◆ Your objective ◆
Transcribe the listing below word for word but skip its images.

◆ Data ◆
----
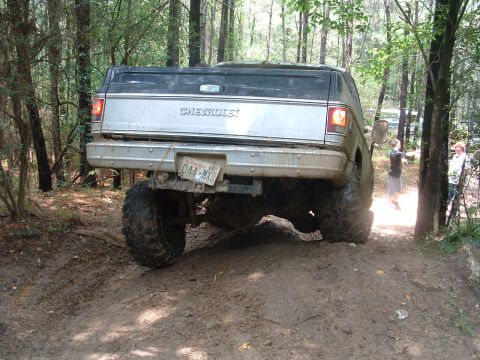 1993 Ford Bronco - Lifted Chevrolet pickup truck navigates a muddy off-road course in the woods.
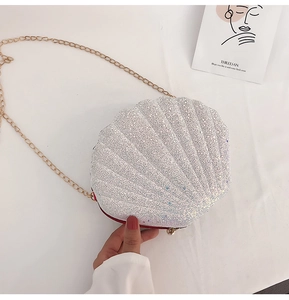 Detail of shell-shaped crossbody bag with silver glitter finish and gold chain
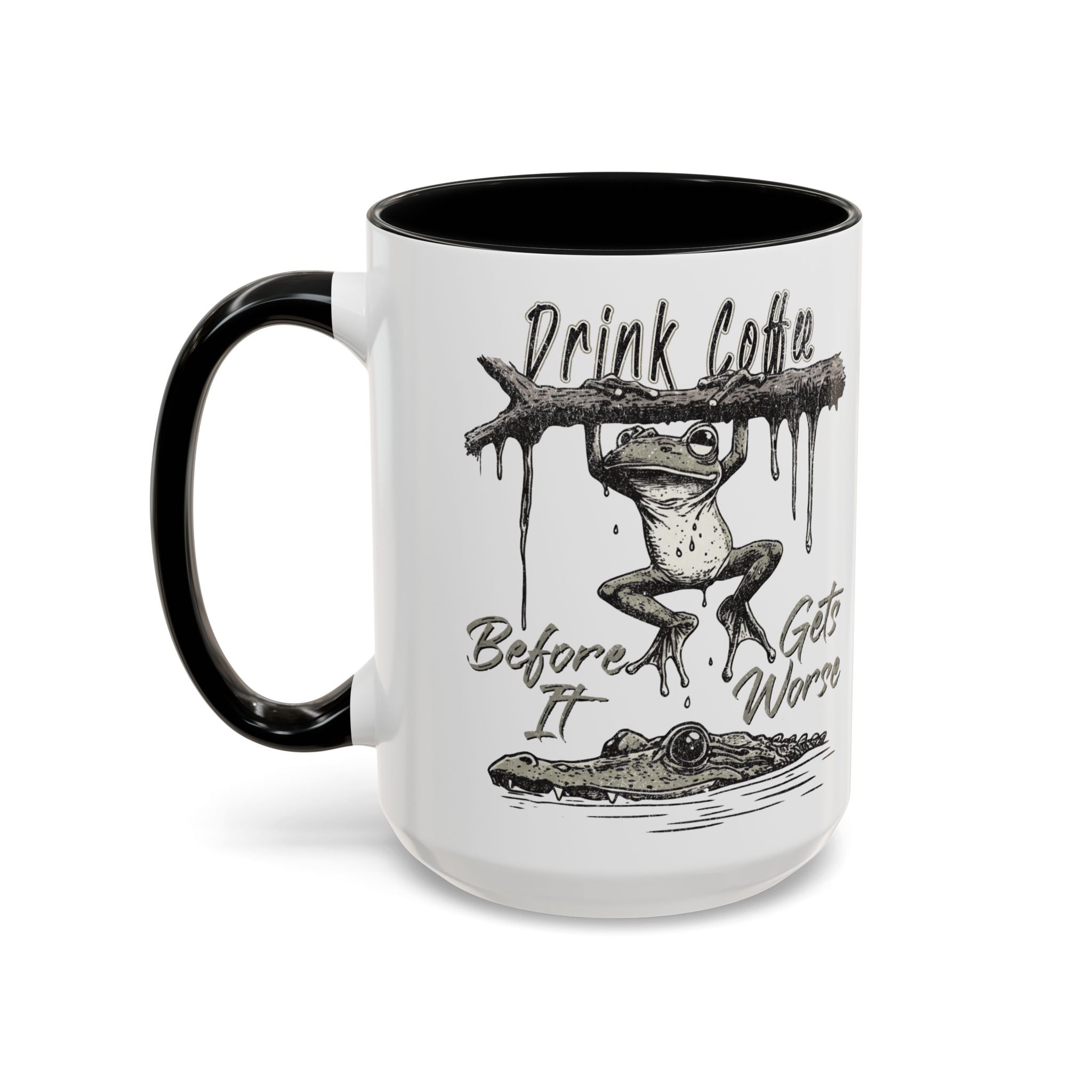 White ceramic mug with black handle and rim, featuring a frog hanging from a branch over a gator.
----
◆ Your response ◆
 1993 Ford Bronco - Lifted Chevrolet pickup truck navigates a muddy off-road course in the woods.
 Detail of shell-shaped crossbody bag with silver glitter finish and gold chain
 White ceramic mug with black handle and rim, featuring a frog hanging from a branch over a gator.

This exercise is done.